BBC News Brasil - Muita gente recorre à psicoterapia ou aos antidepressivos para lidar com problemas psicológicos em geral, mas você diz que eles não funcionam muito bem para o tratamento de traumas. Por quê?
van der Kolk - Esses medicamentos certamente não funcionam muito bem para o trauma. Sabemos disso. Já a psicoterapia pode ser útil particularmente para quem sofreu violência familiar. Se o trauma está na sua família, você não tem permissão para falar sobre isso e as pessoas negam o que está acontecendo, ser capaz de falar sobre o que está escondido é muito importante.
Reconhecer a realidade da sua vida — e ter alguém dizendo: "Sinto muito pelo que aconteceu com você" — faz uma grande diferença.
BBC News Brasil - O tipo de tratamento que funciona melhor depende do que causa o trauma?
van der Kolk - É uma combinação de coisas. A resposta empática é sempre útil. Mas, por exemplo, depois de um desastre natural, não há segredos. Não há vergonha em relação ao que aconteceu. Simplesmente aconteceu.
Nesse caso, a melhor forma de ajudar pode não ser a psicoterapia, mas tornar-se parte de uma equipe de trabalho que auxilie na reconstrução das casas. Esse seria um tratamento do trauma.
BBC News Brasil - Quais são suas recomendações para pessoas que passaram por experiências traumáticas? O que elas podem fazer para obter alívio?
van der Kolk - Acho que elas devem falar sobre o tema e, definitivamente, conversar com outras pessoas que passaram por coisas semelhantes.

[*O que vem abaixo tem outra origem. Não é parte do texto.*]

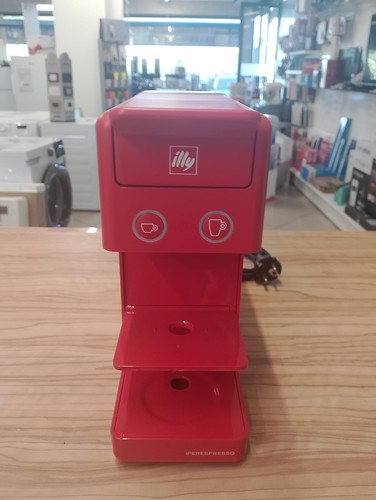 Macchina caffe illy rossa - macchina,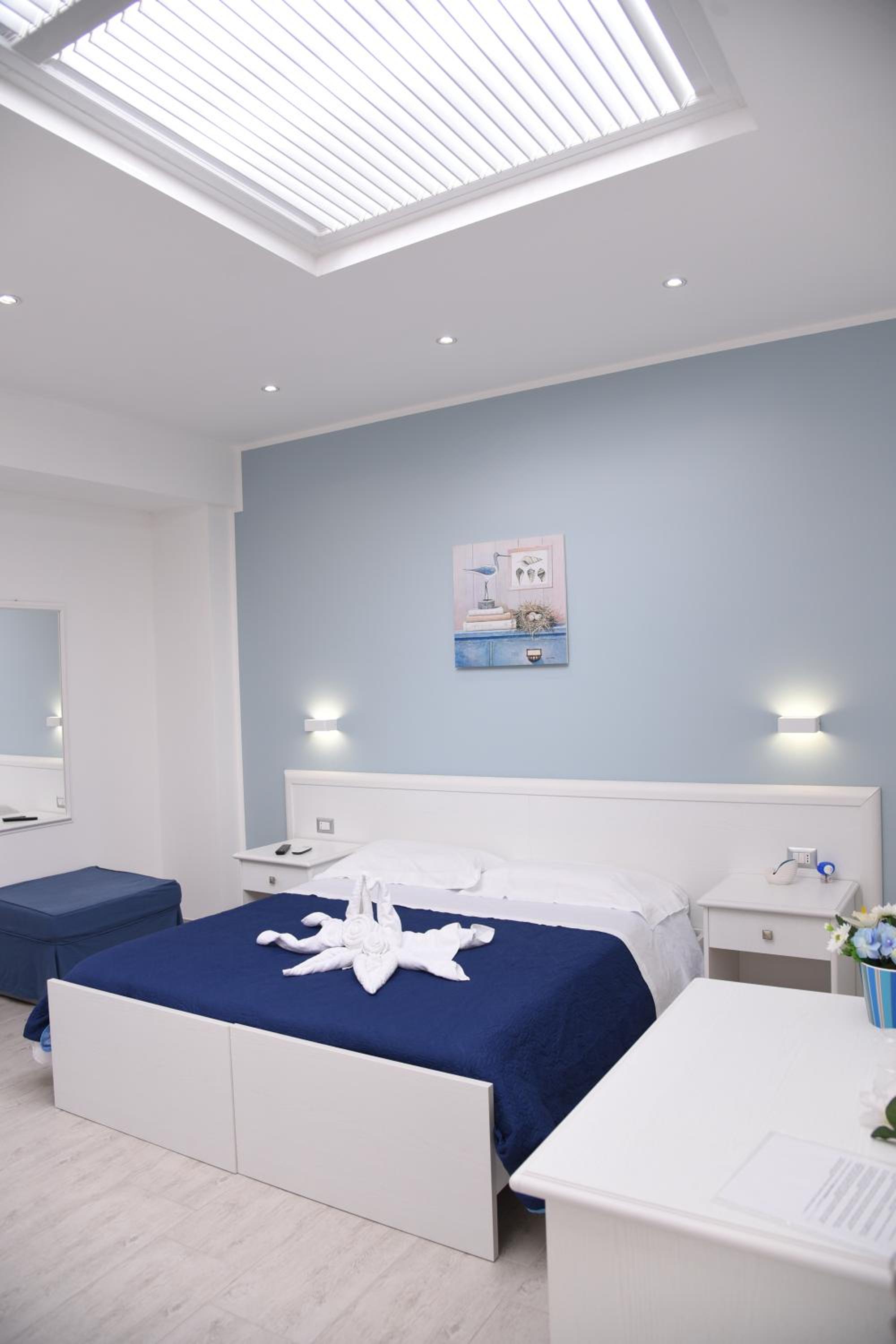 Quadruple Room with Bathroom photo 1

Foi assim que comecei meus estudos neste campo do trauma: fazíamos psicoterapia em grupo porque não havia especialistas.
Os especialistas eram as próprias pessoas que tiveram experiências semelhantes, e nós as reunimos para que conversassem entre si e pudessem dizer: "Sabe, eu fiz isso e foi útil para mim" ou "Olha, às vezes eu acordo no meio da noite. Você pode me ligar de madrugada se estiver com medo".
Era um formato parecido com os Alcoólicos Anônimos, onde as pessoas serviam de apoio umas para as outras.
BBC News Brasil - A cultura brasileira inclui algumas práticas culturais que usam o corpo, como a capoeira e o carnaval. Essas tradições podem ser uma proteção contra traumas ou ajudar no processo de cura?
van der Kolk - Minha sensação é que cada cultura desenvolveu suas maneiras de lidar com traumas. Talvez, quanto mais trauma você tem, mais você desenvolve essas práticas culturais.
Pode ser que a capoeira, o samba e todas essas coisas que vocês desenvolveram no Brasil sejam de fato métodos muito bons para acalmar seu corpo e mantê-lo sob controle.
Inclusive eu venho encorajando colegas brasileiros a estudar a capoeira como um tratamento para traumas.
BBC News Brasil - Você está fazendo uma pesquisa com MDMA para recuperação de traumas. Quais são os resultados até agora?
van der Kolk - Passei 50 anos estudando esse tema e pesquisei mais métodos diferentes do que qualquer outra pessoa viva.
Nosso estudo com MDMA foi o mais interessante da minha vida, porque vimos resultados mais expressivos do que com qualquer outra coisa.
Mas é importante dizer que foi um estudo feito com muito cuidado, onde prestamos uma enorme atenção ao cenário, criamos um relacionamento com as pessoas que tratamos e realmente cuidamos muito bem delas enquanto tudo acontecia.
Com isso, vimos resultados espetacularmente bons.
O temperamento dos pacientes mudou, a atitude deles em relação à vida mudou, sua capacidade de fazer as coisas mudou drasticamente.
A preocupação que tenho é que, vivendo em uma sociedade capitalista, imagino que as pessoas começarão a usar essas drogas descuidadamente e a distribuí-las sem o ambiente terapêutico e o auxílio terapêutico que é necessário.
E isso é extremamente perigoso, porque você pode explodir a mente de uma pessoa. Com psicodélicos, muitas vezes surgem situações muito dolorosas e difíceis.
Você precisa ter alguém te acompanhando, alguém que esteja muito atento.